PROBLEM DETAILS: All of the data below should be written out exactly.

(Caption-style text data)
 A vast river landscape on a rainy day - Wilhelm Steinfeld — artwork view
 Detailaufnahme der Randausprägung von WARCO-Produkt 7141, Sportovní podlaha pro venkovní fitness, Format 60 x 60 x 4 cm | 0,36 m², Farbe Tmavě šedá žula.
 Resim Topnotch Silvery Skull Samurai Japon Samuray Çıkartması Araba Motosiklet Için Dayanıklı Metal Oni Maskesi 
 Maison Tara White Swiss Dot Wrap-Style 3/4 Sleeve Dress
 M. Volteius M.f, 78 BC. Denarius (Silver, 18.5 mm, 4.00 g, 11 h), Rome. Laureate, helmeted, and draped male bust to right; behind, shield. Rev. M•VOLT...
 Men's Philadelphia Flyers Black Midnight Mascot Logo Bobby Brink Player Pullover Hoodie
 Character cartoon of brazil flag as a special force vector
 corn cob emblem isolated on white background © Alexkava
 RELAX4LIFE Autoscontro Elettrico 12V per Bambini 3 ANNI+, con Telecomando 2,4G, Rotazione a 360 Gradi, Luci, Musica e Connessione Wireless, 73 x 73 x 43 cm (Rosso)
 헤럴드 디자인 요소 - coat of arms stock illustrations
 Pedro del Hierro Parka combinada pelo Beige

COMPLETED EXERCISE:
 A vast river landscape on a rainy day - Wilhelm Steinfeld — artwork view
 Detailaufnahme der Randausprägung von WARCO-Produkt 7141, Sportovní podlaha pro venkovní fitness, Format 60 x 60 x 4 cm | 0,36 m², Farbe Tmavě šedá žula.
 Resim Topnotch Silvery Skull Samurai Japon Samuray Çıkartması Araba Motosiklet Için Dayanıklı Metal Oni Maskesi 
 Maison Tara White Swiss Dot Wrap-Style 3/4 Sleeve Dress
 M. Volteius M.f, 78 BC. Denarius (Silver, 18.5 mm, 4.00 g, 11 h), Rome. Laureate, helmeted, and draped male bust to right; behind, shield. Rev. M•VOLT...
 Men's Philadelphia Flyers Black Midnight Mascot Logo Bobby Brink Player Pullover Hoodie
 Character cartoon of brazil flag as a special force vector
 corn cob emblem isolated on white background © Alexkava
 RELAX4LIFE Autoscontro Elettrico 12V per Bambini 3 ANNI+, con Telecomando 2,4G, Rotazione a 360 Gradi, Luci, Musica e Connessione Wireless, 73 x 73 x 43 cm (Rosso)
 헤럴드 디자인 요소 - coat of arms stock illustrations
 Pedro del Hierro Parka combinada pelo Beige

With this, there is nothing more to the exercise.